An unindexed email column means every login attempt performs a full table scan. An unindexed FK column means every JOIN on that relationship scans the entire child table. At 10,000 rows this is slow; at 100,000 rows it causes timeouts. Postgres does not automatically index FK columns — unlike MySQL — so every *_id column added by an ORM is unindexed until explicitly declared. ISO 25010 time-behaviour directly captures this: query latency degrades predictably as data volume grows, and the degradation is sharp rather than gradual when no index exists. Missed indexes on status or created_at columns produce full scans on the most common listing and filtering queries in the application.
High because missing indexes cause full table scans on every query of the affected column, producing latency that grows linearly with row count and degrades user experience at scale.
Add @@index in Prisma or CREATE INDEX in SQL for every FK column, high-cardinality filter column (email, slug, external_id), and sort column (created_at) used in listing endpoints.
model Order {
id String @id @default(uuid())
userId String
status String
@@index([userId])
@@index([userId, status])
}
-- Add indexes without locking the table on Postgres
CREATE INDEX CONCURRENTLY idx_orders_user_id ON orders(user_id);
CREATE INDEX CONCURRENTLY idx_posts_created_at ON posts(created_at DESC);
For composite queries that filter on two columns together, a composite index beats two single-column indexes — verify query plans with EXPLAIN ANALYZE before and after.

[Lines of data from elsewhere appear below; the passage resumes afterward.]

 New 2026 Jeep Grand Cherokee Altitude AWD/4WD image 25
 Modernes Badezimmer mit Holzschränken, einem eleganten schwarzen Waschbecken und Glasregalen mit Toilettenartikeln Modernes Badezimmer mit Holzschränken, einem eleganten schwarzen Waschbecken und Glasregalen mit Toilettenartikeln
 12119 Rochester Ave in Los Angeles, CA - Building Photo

ID: database-design-operations.schema-design.indexes-on-queries
Severity: high
What to look for: First, enumerate every column that appears in a WHERE, JOIN, or ORDER BY clause by reading API route files, service files, and repository classes. Identify the most common query patterns by reading API route files, service files, and repository classes. Note every column that appears in a WHERE clause, JOIN condition, or ORDER BY. Then examine the schema for indexes. In Prisma, look for @@index([...]) and @unique decorators. In Drizzle, look for .index() and .unique() on columns. In raw SQL migrations, look for CREATE INDEX. Cross-reference: columns used frequently in queries should have indexes. Common missed indexes: email column on users table (used in login lookups), created_at on time-ordered tables (used in sorted listing), all foreign key columns (Postgres does NOT automatically index FK columns unlike MySQL), status or state columns used in filtered listings. Also check for missing composite indexes where queries filter on multiple columns together.
Pass criteria: Columns that appear in WHERE/JOIN/ORDER BY clauses in the most common query paths have indexes — at least 90% of FK columns are indexed. All FK columns are indexed. High-cardinality filter columns (email, external_id, slug) are indexed. Indexes are not redundant (e.g., a unique constraint already provides an index).

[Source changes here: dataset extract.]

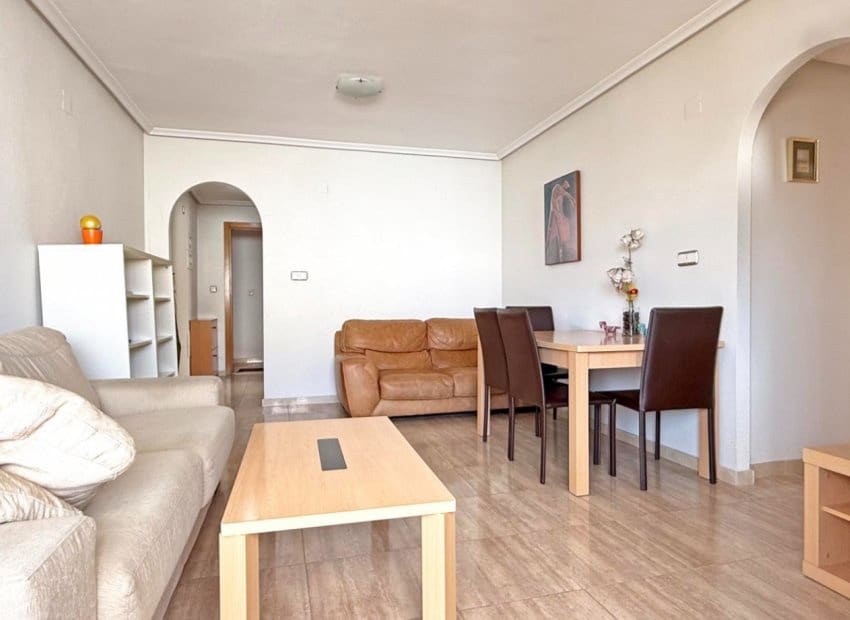 3 bedroom Apartment for sale in Torrevieja with pool - € 169,000 (Ref: 9657043)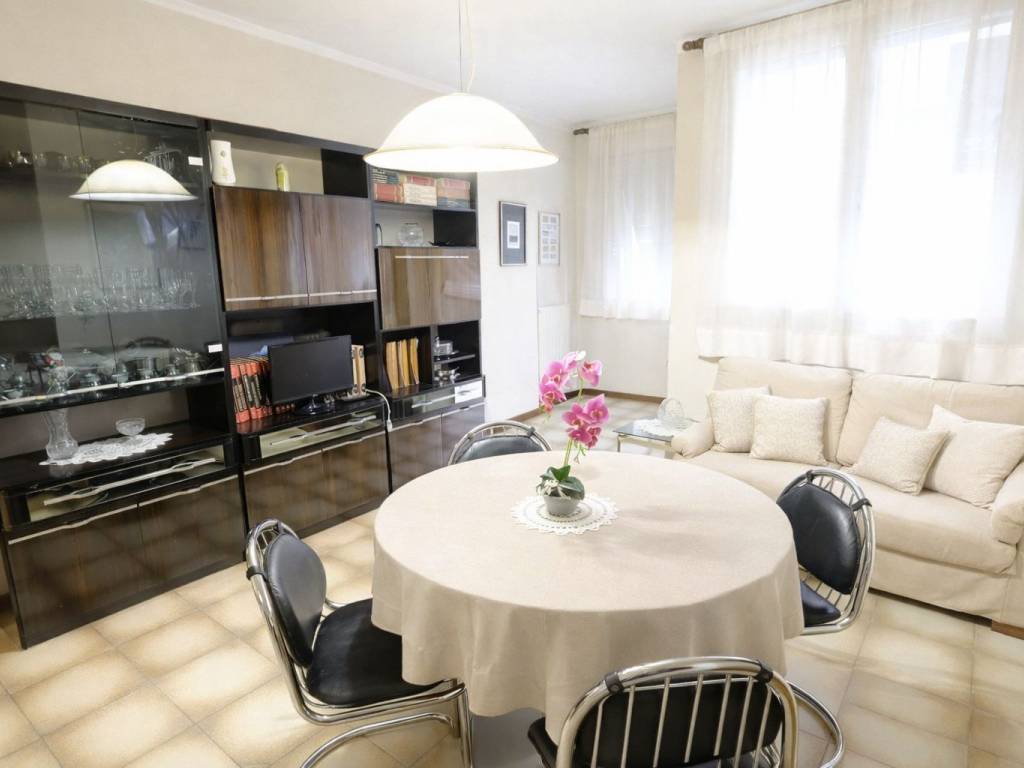 Appartamento a Trieste in Via Sergio Forti, 54 - Foto 2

Fail criteria: Commonly queried columns lack indexes. FK columns are unindexed (a full table scan on every JOIN). Login flow queries a non-indexed email column. Listing endpoints sort by created_at with no index.
Skip (N/A) when: N/A — always applicable for any project with a database (even SQLite benefits from indexes on large-ish tables).
Detail on fail: Specify which columns are missing indexes and the queries that need them. Example: "'users.email' has no index — used in login query WHERE email = $1 without index support." or "'orders.user_id' FK column has no index — JOIN queries will full-scan the orders table." or "'posts.created_at' has no index — listing endpoint ORDER BY created_at DESC will sort without index.".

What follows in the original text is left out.